Socially efficient mechanism on the minimum budget
Hirota Kinoshita, Takayuki Osogami, Kohei Miyaguchi
TL;DR
This paper tackles designing mechanisms that are socially efficient (SE), dominant-strategy incentive compatible (DSIC), and individually rational (IR) while minimizing the broker’s budget. It introduces a novel budget-optimal mechanism that leverages discrete, known type domains to convert DSIC/IR constraints into a shortest-path problem on per-agent graphs $G_i(v)$, with payments derived from the shortest distances. The authors prove correctness (DSIC/IR) and optimality (minimum budget among justified mechanisms for a fixed SE-maximizing option), and show computational feasibility through graph contractions that yield polynomial-time computation.
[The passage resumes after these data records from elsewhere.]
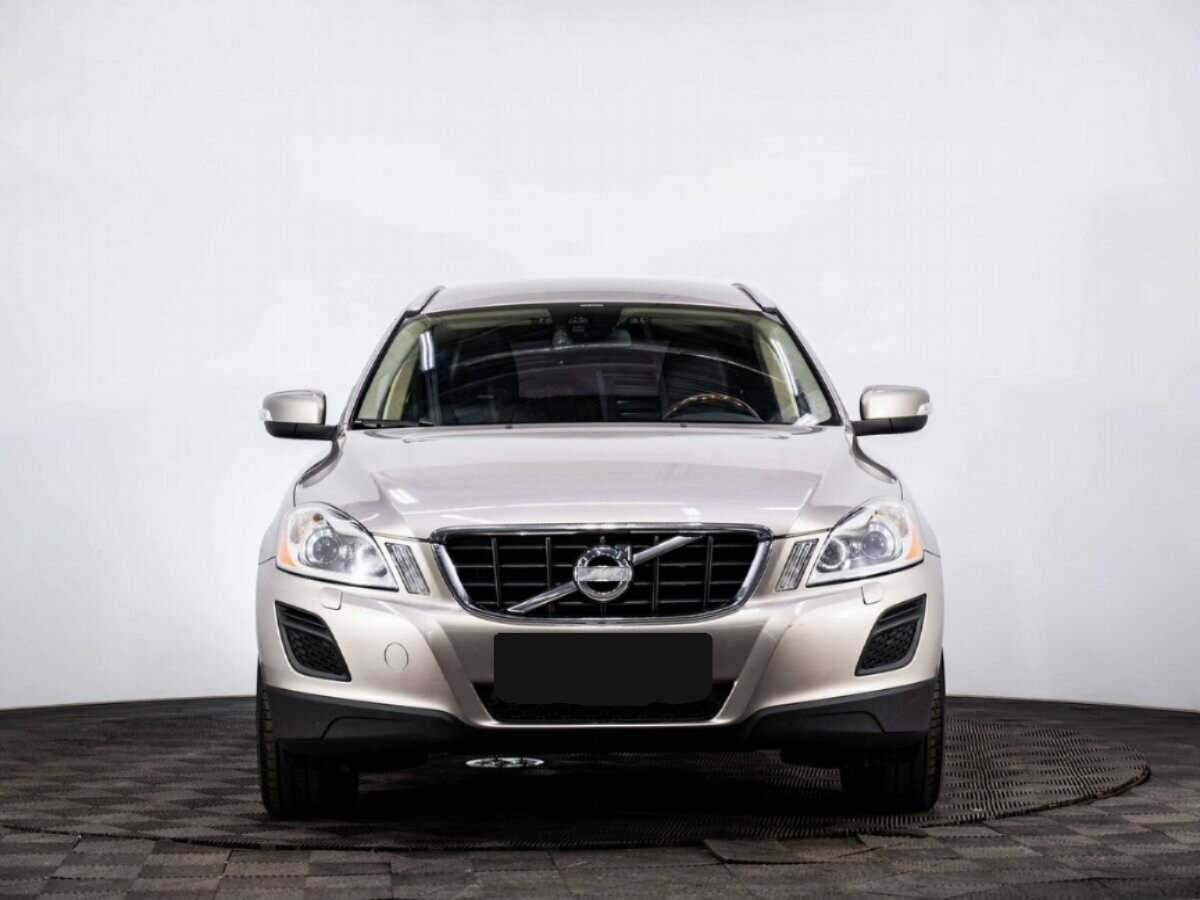 Volvo XC60, 2012 Фото №2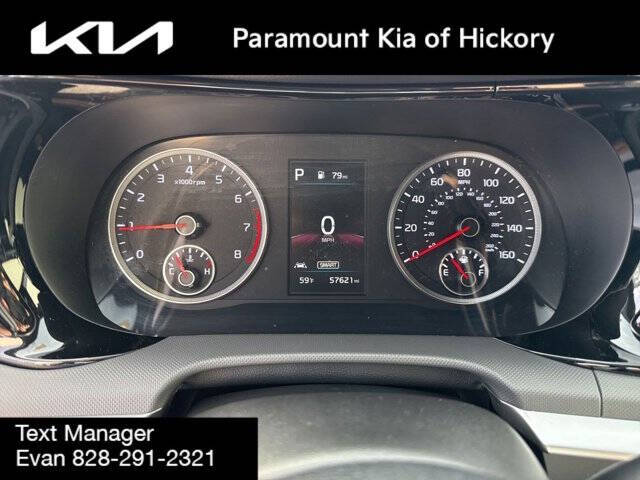 2023 Kia K5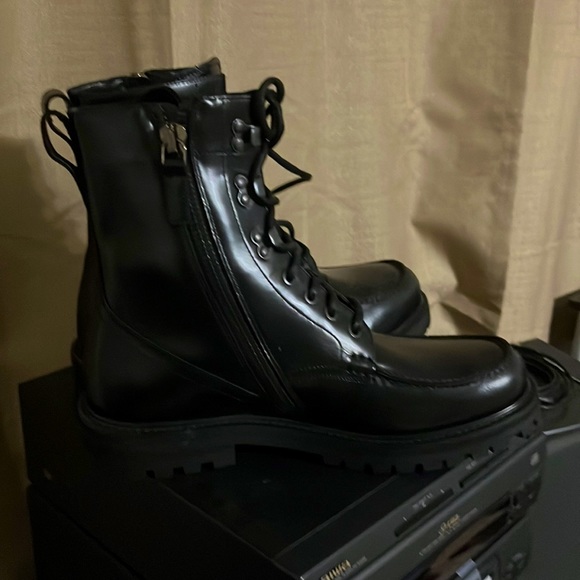 Aquatalia (Made In Italy) Waterproof Boots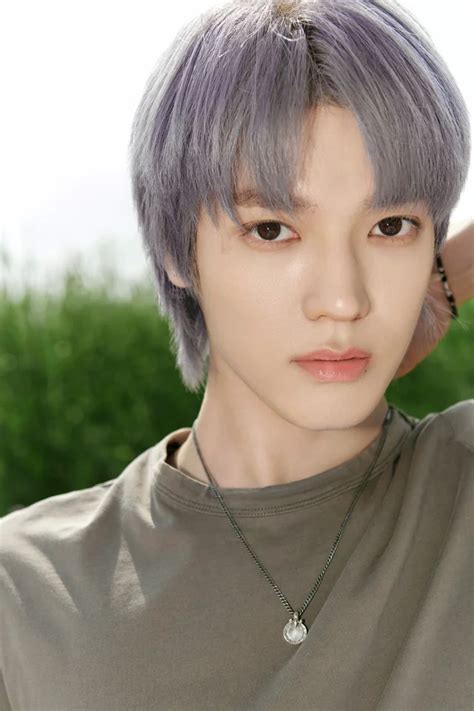 Nct S Taeyong Rolls Out Additional Teaser Photos For His Solo Debut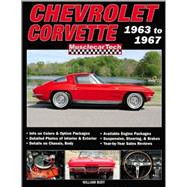 Chevrolet Corvette 1963 to 1967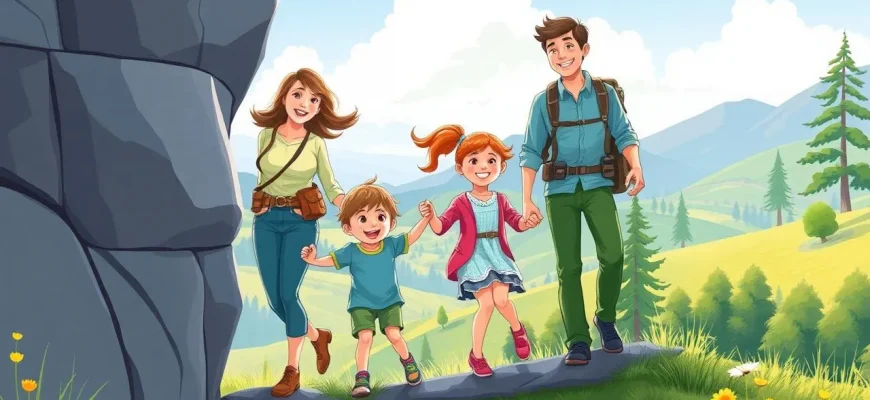 Films familiaux d'escalade à ne pas manquer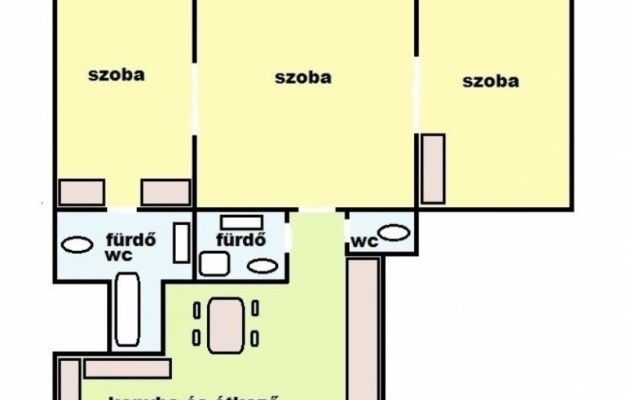 Budapest II. kerület Eladó Lakás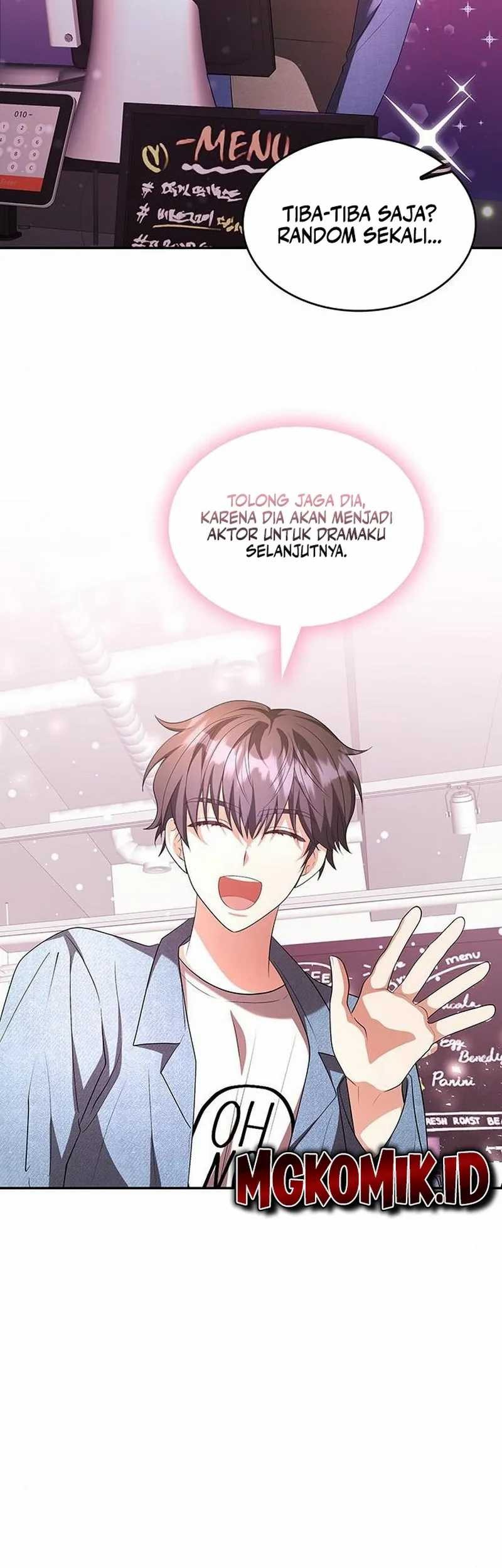 A Genius Writer’s Random Workplace (Genius Artist’s Random Studio) chapter 12 halaman 17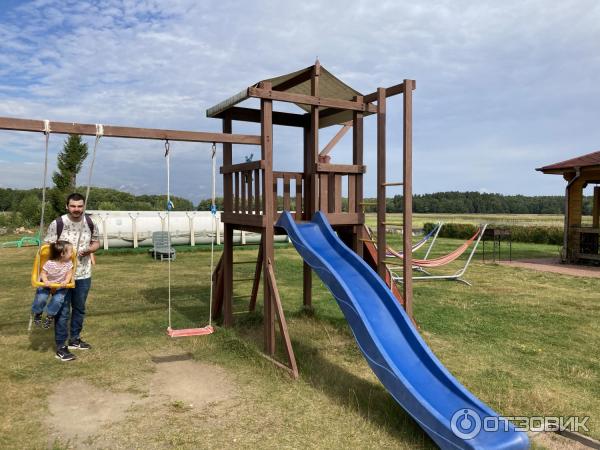 База отдыха Пихтовое (Россия, Ленинградская обл.) фото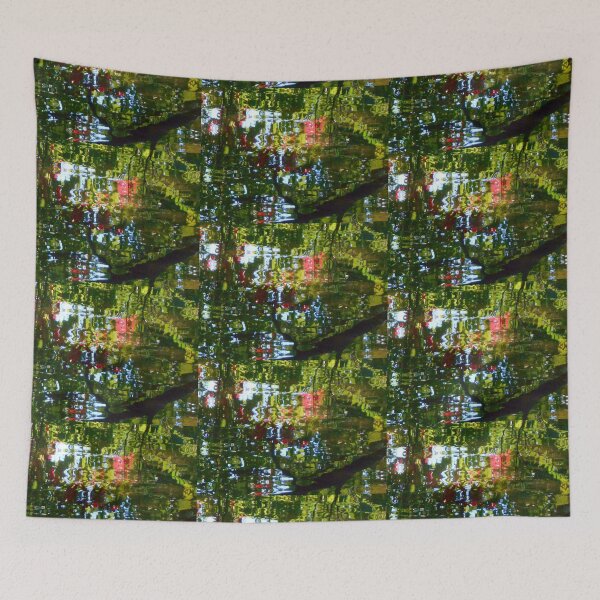Item preview, River Reflections, Abstract designed and sold by Billlee.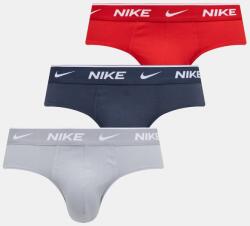 Nike alsónadrág férfi 3-as csomag - piros S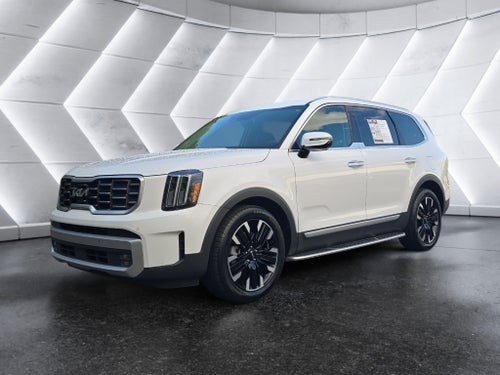 2024 Kia Telluride SX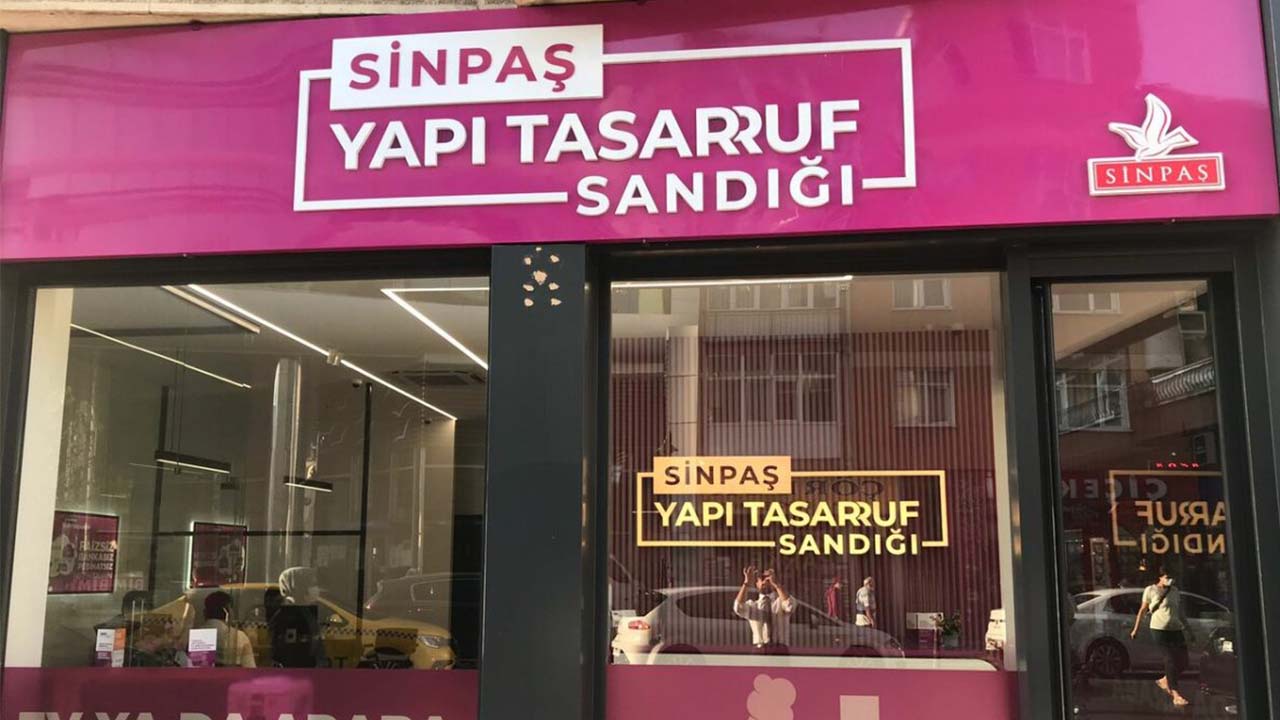 Sinpaş Yapı Tasarruf Sandığı Nedir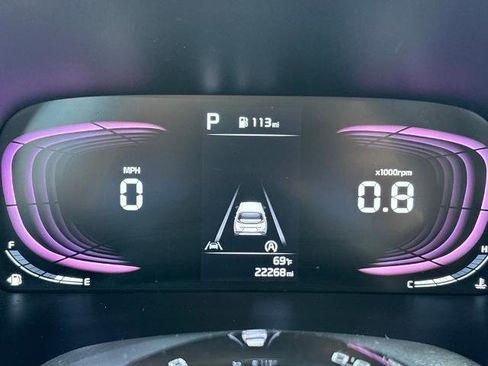 Used 2024 Kia Soul EX w/ Option Group 015 image 15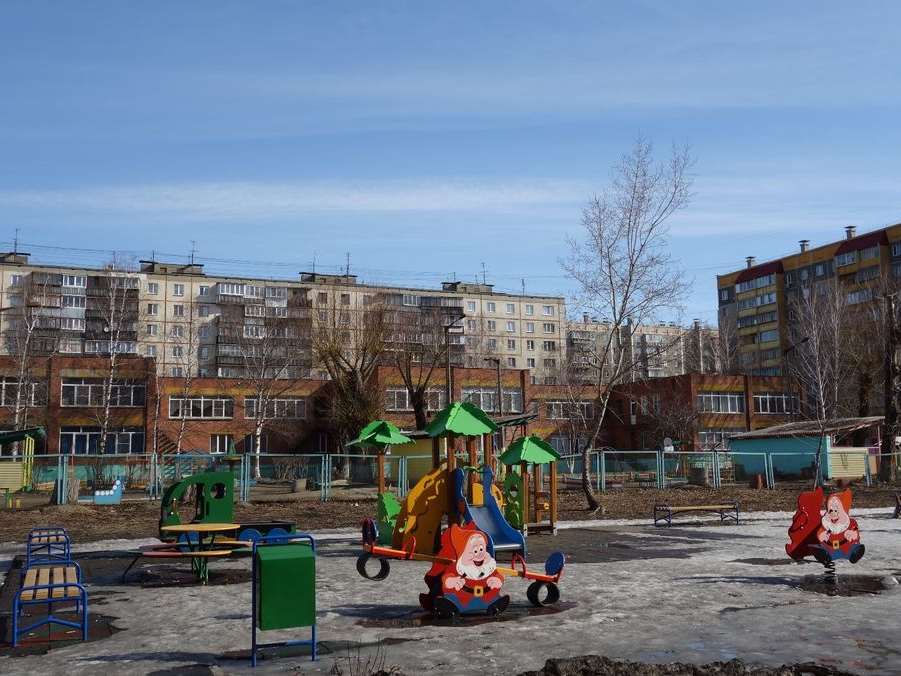Однокомнатная квартира Челябинск улица, фото №6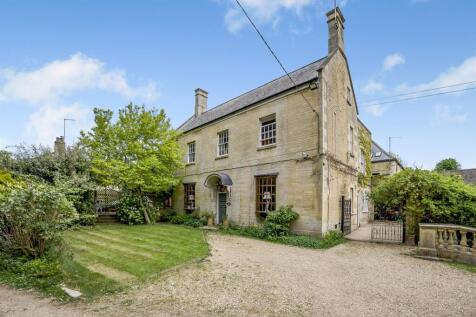 6 bedroom character property for sale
Numerical experiments demonstrate that the proposed mechanism achieves strictly lower budgets than any VCG-based mechanism for a large majority of instances, highlighting its practical value for trading networks, cloud markets, and related settings where social welfare and budget considerations must be balanced.
Abstract
In social decision-making among strategic agents, a universal focus lies on the balance between social and individual interests. Socially efficient mechanisms are thus desirably designed to not only maximize the social welfare but also incentivize the agents for their own profit. Under a generalized model that includes applications such as double auctions and trading networks, this study establishes a socially efficient (SE), dominant-strategy incentive compatible (DSIC), and individually rational (IR) mechanism with the minimum total budget expensed to the agents. The present method exploits discrete and known type domains to reduce a set of constraints into the shortest path problem in a weighted graph. In addition to theoretical derivation, we substantiate the optimality of the proposed mechanism through numerical experiments, where it certifies strictly lower budget than Vickery-Clarke-Groves (VCG) mechanisms for a wide class of instances.